→ **Exercise**
Can you copy out the data exactly? Leave the images out.

→ **Collected data**
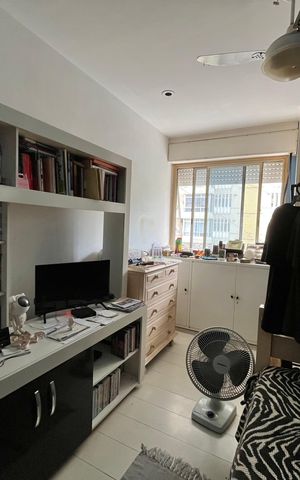 Apartamento à venda com 120m², 3 quartos e 1 vaga Apartamento à venda com 120m², 3 quartos e 1 vagaQuarto 2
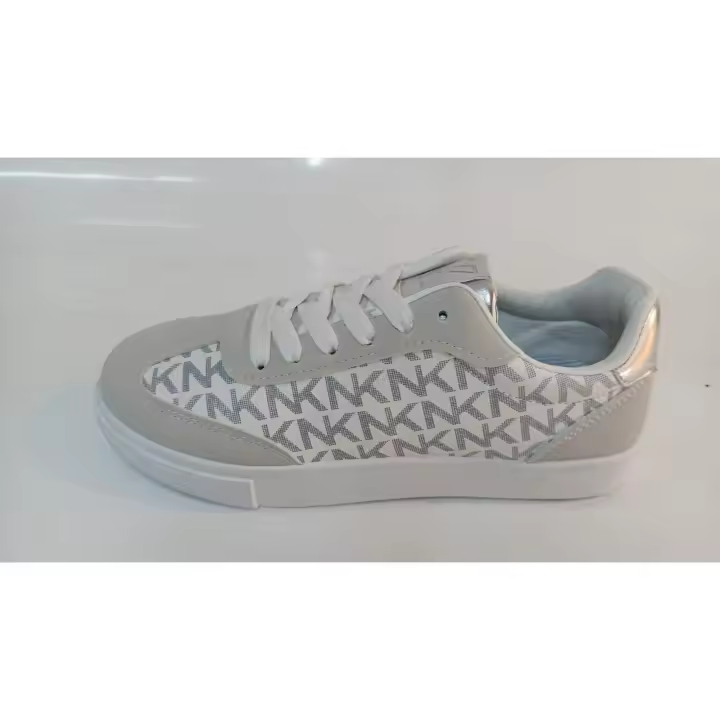 DEPORTIVA 301 SNAKER MUJER MUY COMODA Y ELEGANTE TALLAS 36-41 - 1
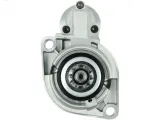 rozrusznik-as-pl-s0083-stan-nowy-jakosc-czesci-zgodnie-z-gvo-q-oryginal-z-logo-producenta-czesci-oem-oes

→ **Task response**
 Apartamento à venda com 120m², 3 quartos e 1 vaga Apartamento à venda com 120m², 3 quartos e 1 vagaQuarto 2
 DEPORTIVA 301 SNAKER MUJER MUY COMODA Y ELEGANTE TALLAS 36-41 - 1
 rozrusznik-as-pl-s0083-stan-nowy-jakosc-czesci-zgodnie-z-gvo-q-oryginal-z-logo-producenta-czesci-oem-oes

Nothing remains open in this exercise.